Wednesday, June 26, 2013

Story Time: From Purist To Applicator

[...Continued from previous post - I figure I should break it up into chapters for reading convenience]

As I was finishing up my student teaching I got the opportunity to go to a Teacher Fair to try and get hired. I stopped by all the school district tables that interested me. I did like 3 different screening interviews there. I had a break while the fair was winding down and so I meandered to see tables. I came across one that had a guy talking about using a dart gun and Rube Gholburg projects in his math classes. I got instantly interested. We started talking, and it turned into a really good conversation about how math should be taught: with hands-on, real-world tasks. We clicked and the interview went smoothly. I was hired on for the next year within a couple weeks. The man turned out to be Noah Williams. He is a truly brilliant man. I honestly think he will be a man to look out for in the future. He became my coach as to what to use to teach math in the middle school. I was converted to an applicator of math. Everything we do in math has purpose in the "real" world. Math is the Master Tool that we can use in any discipline to analyze and make decisions.
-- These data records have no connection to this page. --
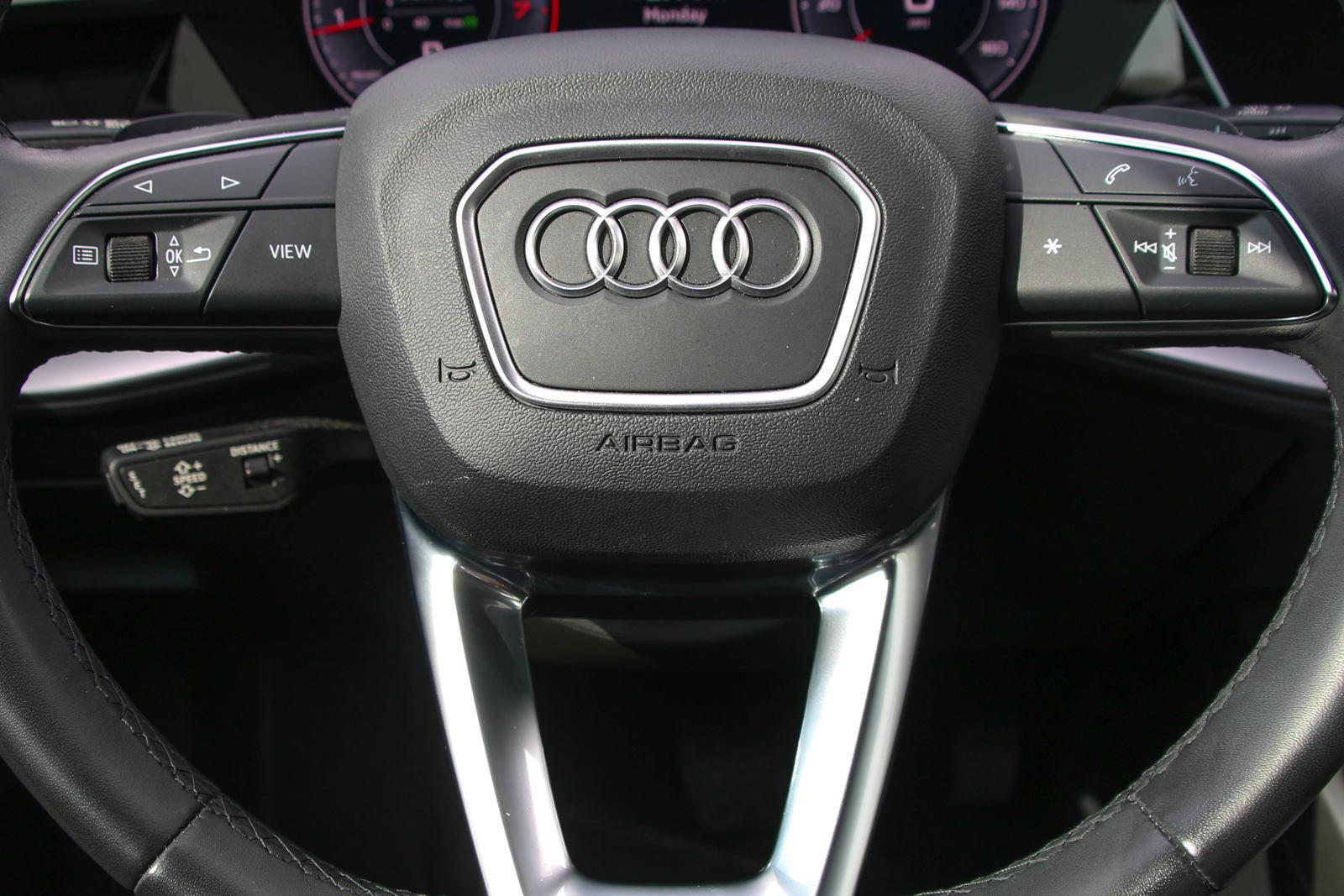 2023 Audi A3 Vehicle Photo in SUGAR LAND, TX 77478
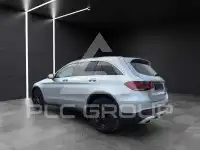 2021 Mercedes Benz GLC-Class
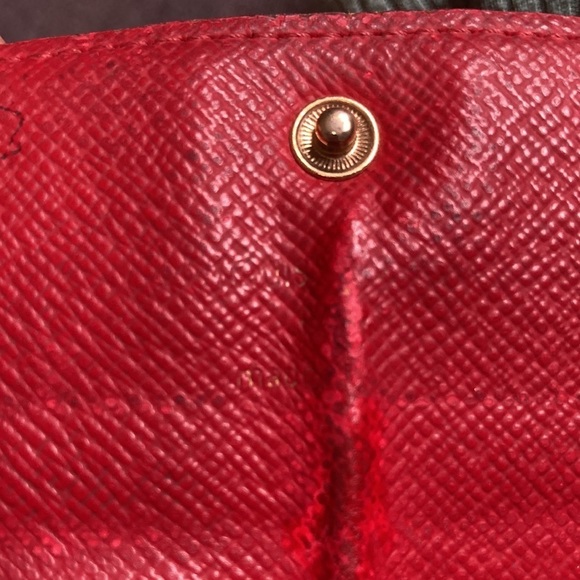 Louis Vuitton Paris wallet brown checkerboard pattern - Picture 15 of 15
I started the school year with almost no resources. There were some books, but they were typical math textbooks and had almost no application to the stuff they taught. So I had to come up with my own activities and documents for what turned out to be 4 different grades of students: 6th, 7th, 8th, and 9th graders. It was perhaps the most difficult thing I could have possibly done for my first year of teaching, but I wanted to start fresh with nobody telling me what to do to teach except the Common Core State Standards. I used them as a guideline for what to teach and I gathered ideas wherever I could find them.

I searched and searched and searched for hands-on activities to teach students math. I bought over $100 worth of books that claimed to have projects and hands-on activities. Some did and some didn't. It was a gamble really. I wouldn't say any one of them was particularly bad, they just weren't what I was looking for. I'll do a quick review of the ones I liked in another post. (This one is dedicated to story time:))

I spent time searching the internet for resources. Holy freaking cow! There are soooooooooooooooooo many websites, and soooooooo (notice the fewer o's) many of them are complete piles of ****. (I guess that statement depends on what you're looking for. If you're looking for non-traditional material, then it is). Truth is, I wasn't looking in the right places. I didn't know what to look for. I wasn't part of online communities. And honestly, there aren't that many AMAZING sites out there that appeal to me. I feel like everyone has their own ideology on what makes a kick-butt curriculum or lesson, and none of them match up to what I think is awesome. It's because I get bored with things that are "Mathy" like graphs and numbers. Other people think those are interesting and that is cool. We're different people. I haven't been really connected to others with twitter and blogs, but I'm working on getting out there. I'm hoping to find more people like me.

Anyways, I'll post favorites and my thoughts.

Have you struggled finding resources that fit what you want? How do you find them?